By the time Ferdinand Magellan, a Spaniard who discovered the islands, reached the Philippines in 1521, the cultivation of sugarcane was widespread in many of the islands. The extraction of juice for the cane was done in a primitive manner, that is, by the pressure exerted by hand or foot-operated lever on a wooden stationary surface. The use of wooden rolls, two in a vertical position came later. The substitution of stone cylinders came after the influx of Chinese emigrants to the islands during the first decades of the Spanish occupation. Carabaos and water buffalos supplied the motion power for these crude extractors in the Philippines up to the nineteenth century. The pressing of the cane is performed by means of two coarse stone cylinders placed on the ground and moved in opposite directions by the slow and unequal pace of a carabao. The juice is conveyed to an iron cauldron containing clay and in this the other operations of bottling, skimming and cleaning take place till the crystallization is completed. The boiled sugarcane juice near crystallization is poured into a setting clay jar called pilon which has a hook at the bottom through which excess molasses pass on to a smaller jar.

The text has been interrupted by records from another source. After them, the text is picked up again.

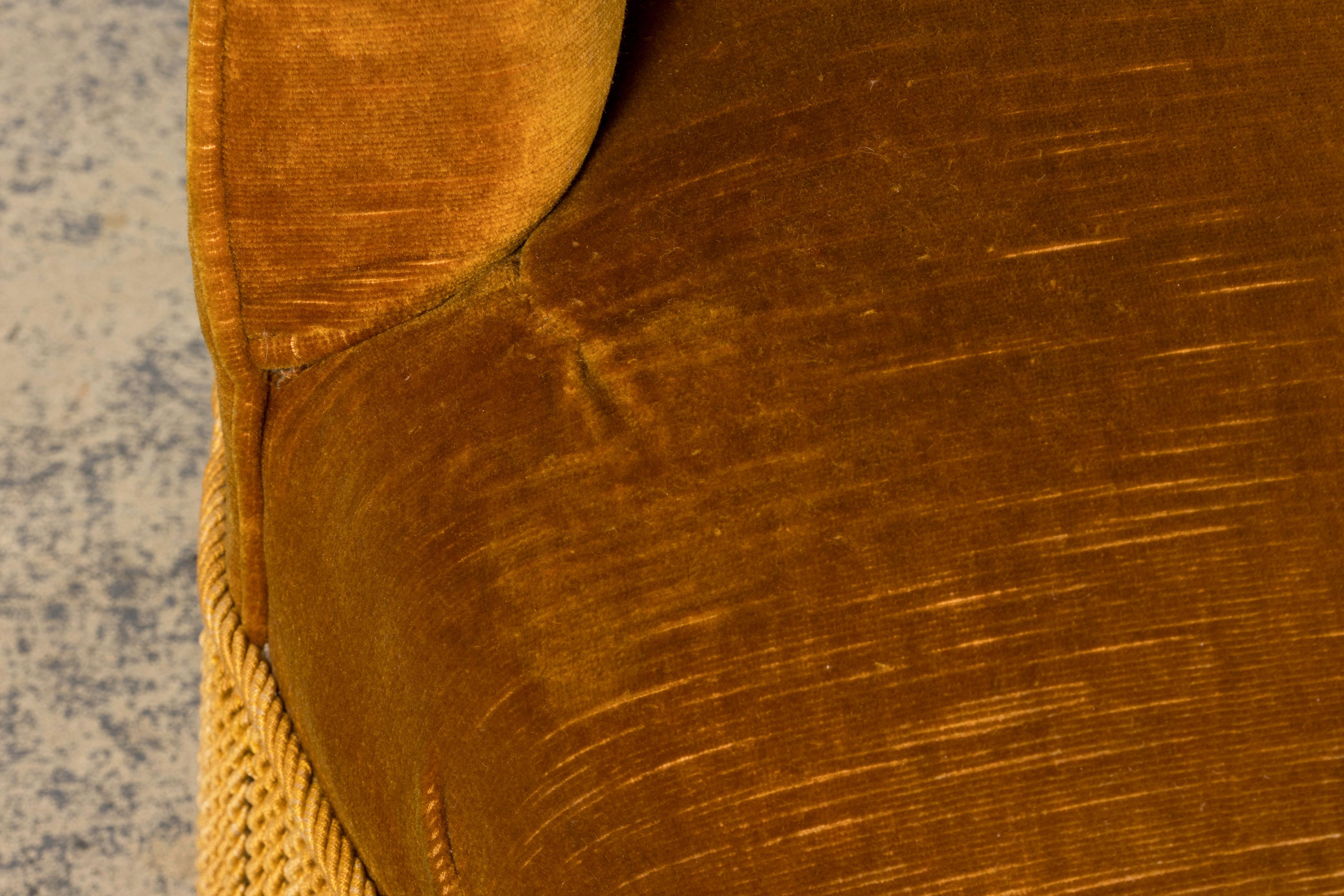 Fauteuils Napoléon III français du XIXe siècle avec velours jaune doré - une paire en vente 2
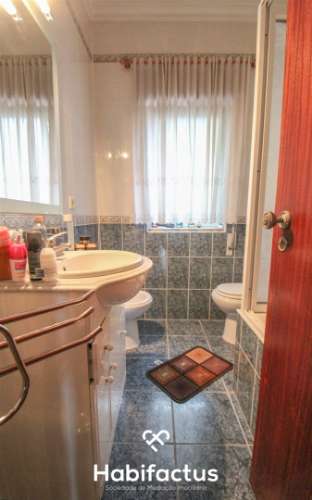 Moradia Isolada T3 com Estabelecimento Comercial – Viseu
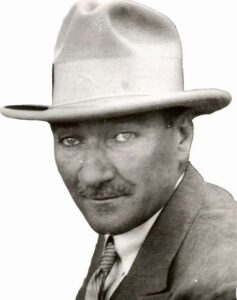 kastamonu.atatürk.şapkalı.1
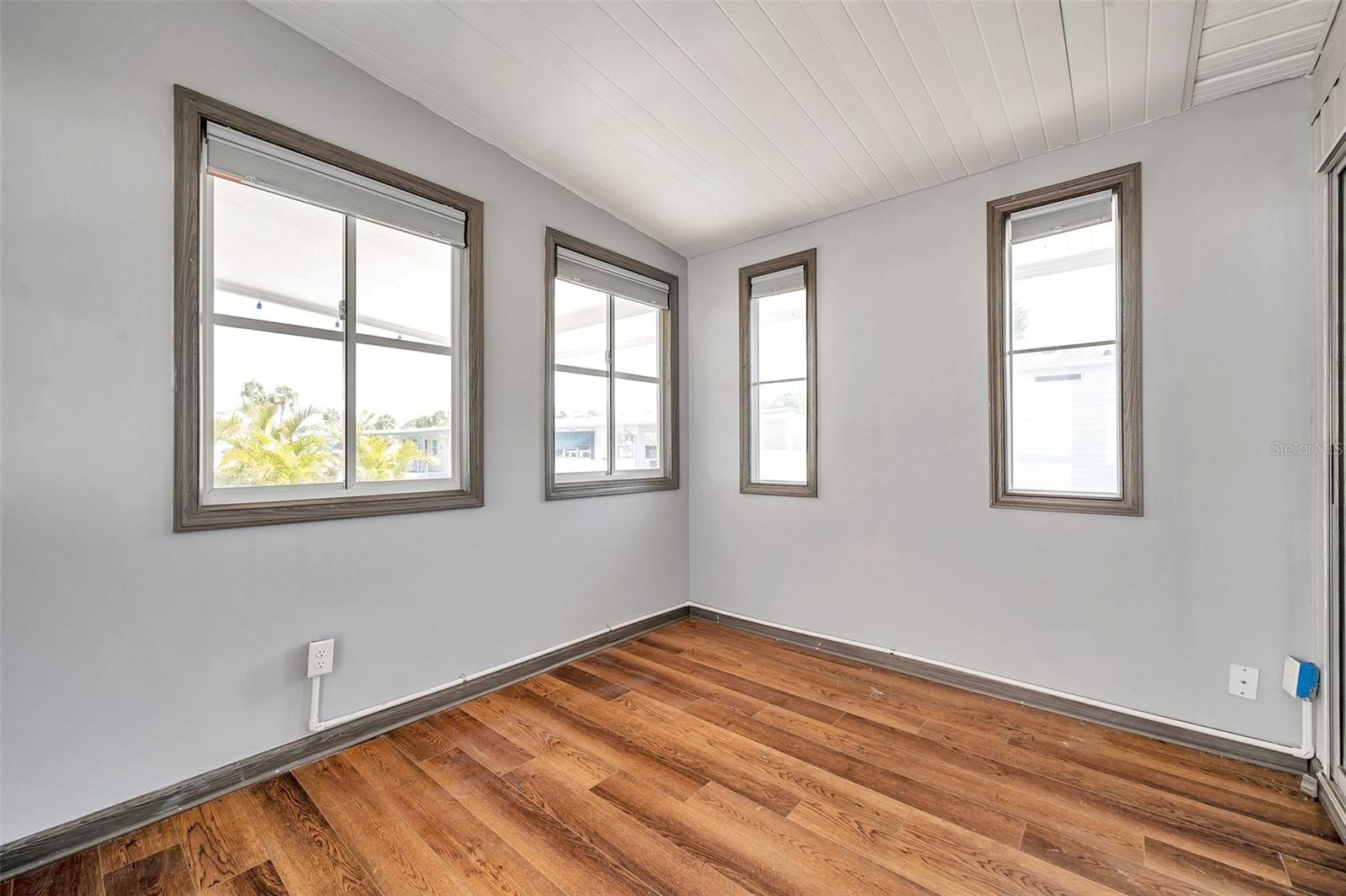 4851 W GANDY BLVD #B3 L8, TAMPA, FL, 33611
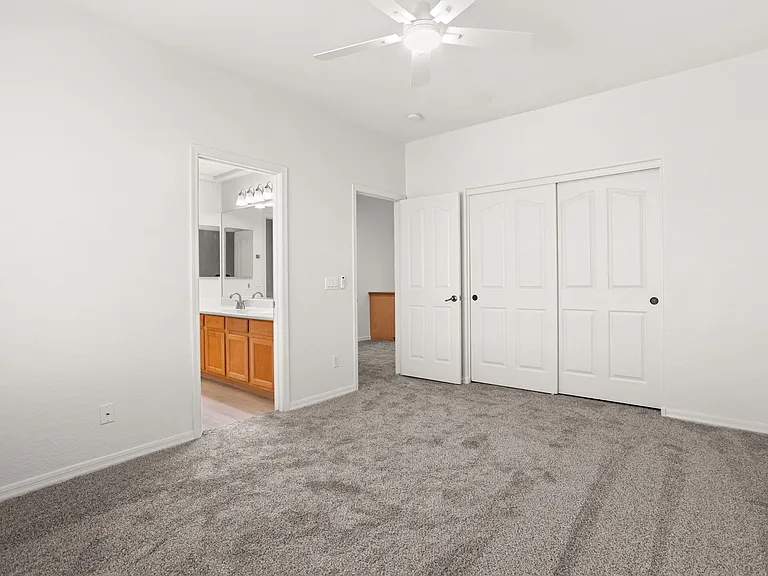 1247 E Kenwood St — Photo 23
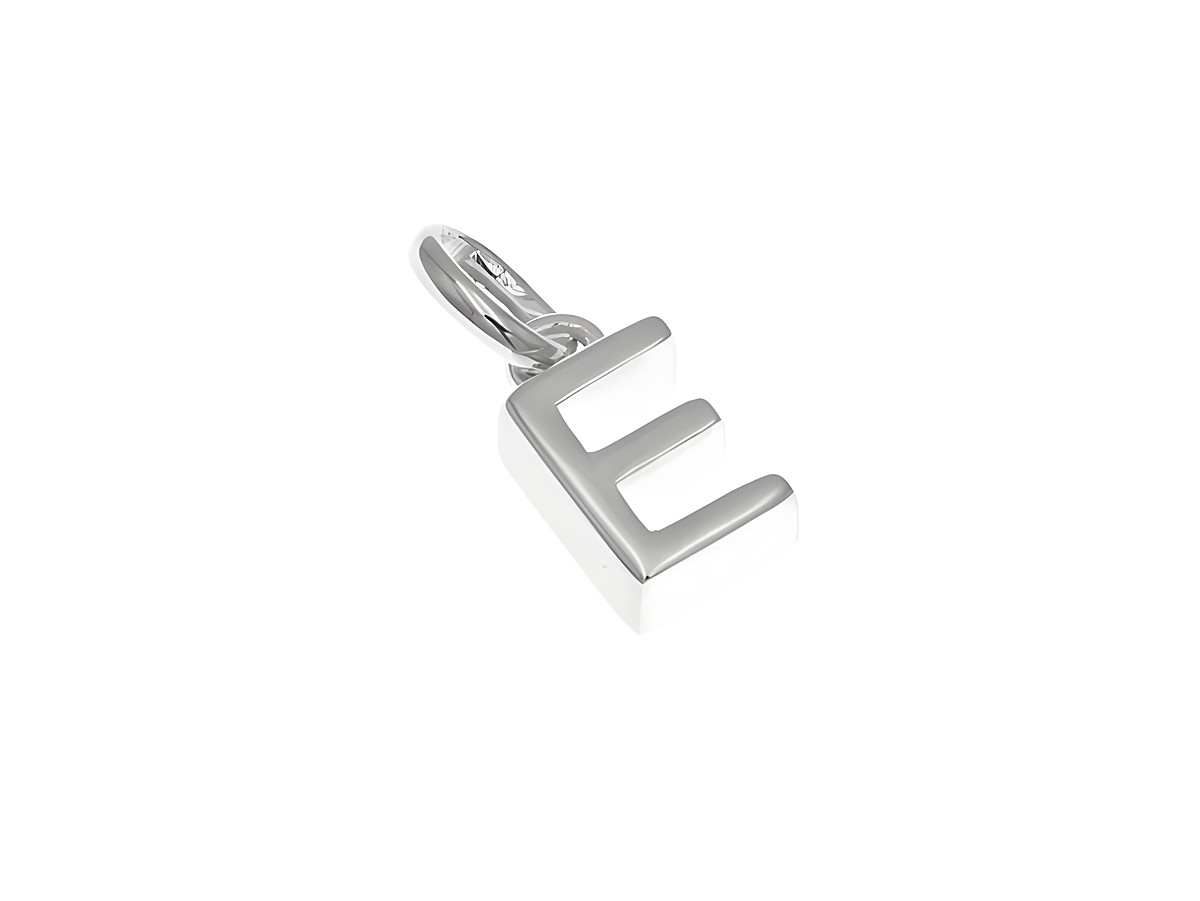 Ein Anhänger aus poliertem Sterling Silber in Form des Buchstabens E, hergestellt von Juwelier Harnisch, glänzend und modern gestaltet.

The arrival of the Spaniards in Manila in 1572 and the increase in their numbers because the city was made the capital of the Islands resulted in the shortage of rice, sugar and other foodstuffs. Chinese traders, always sensitive to commercial trends, began importing these items to remedy the shortages.

Meanwhile, sugarcane was planted in large numbers in nearby areas such as Bulacan, Pampanga and Laguna. Sugar was so sought after that in a valley between two mountains in northeastern Pangasinan, the area was devoted to the cultivation of sugarcane. The Visayan islands kept pace with this development. By the middle of the seventeenth century, practically every region of the archipelago had small plantations devoted to sugarcane. Primitive mill for the manufacture of muscovado and molasses numbered by the scores such that one may buy 25 pounds of sugar for one teston (a Spanish silver coin with the sovereign’s head on one side and equivalent in value to the English sixpence).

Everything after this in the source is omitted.